My vision is still pretty fucked up, but I’ve reached a point where I can spend a few minutes typing this on a computer (at 640x480) so I think that’s a milestone. I’m wearing bandage contact lenses which I get taken out tomorrow morning, then the true healing begins. PRK is a slow process vs LASIK, so it’s going to take some weeks and months before my corneas have fully settled into their new foundations and my vision stabilizes completely.
I understand why most people opt for LASIK now. The first two days were really miserable, nonstop tearing and burning and the infamous “foreign body sensation”. I felt like I had an eyelash the size of New Jersey under my left eyelid for about 48 hours. Then it was suddenly over. What I get for my pain & patience is a more conservative procedure, my cornea structure intact (no flap!) and a potentially better final result. Hard to argue with that.
The surgery itself was definitely the freakiest part, but not as freaky as I expected. On a scale of zero to Clockwork Orange it was about 50%. They gave me a valium when I got there, which reduced my anxiety level from a billion to somewhere around baseline, and I basically went right onto the table. The first step was anesthetic drops, which was the last thing I felt on my eyes through the whole thing, then a long soak with an anesthetic sponge.
From then on it was like I was looking through vaseline, so I couldn’t really see anything after that besides a red target light through the haze. I was less aware of what was happening than I expected, which calmed me considerably. After a couple minutes the prep was over and they told me to follow the light, the light is your guide. The laser made a clicking sound for about 30 seconds and I smelled burning, presumably having inhaled some microscopic amount of my own eye.

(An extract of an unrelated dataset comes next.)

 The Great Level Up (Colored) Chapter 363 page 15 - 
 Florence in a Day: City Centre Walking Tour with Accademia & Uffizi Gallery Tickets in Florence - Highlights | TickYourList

The red dot was surrounded by a green swirl that looked exactly like Rock With You, so that was my internal soundtrack while they switched to the other side and repeated the process.
Before I knew it I was sitting in the next room with a pair of bad sunglasses looking at a perfectly unobstructed view of the Empire State Building, and it was amazing. It had a bright white halo about 10 feet wide around it, but it was tack sharp and my own eyes were seeing it. I was already glad I’d done it. About an hour later at home the anesthetic wore off and my foreign body sensations began, but I’d already tasted the future.
So now I wait for my eyes to heal a little more each day, slowly bump up my monitor resolution, personally fund the eyedrop industry, and cross my fingers that I wind up at 20/20 when all’s said and done.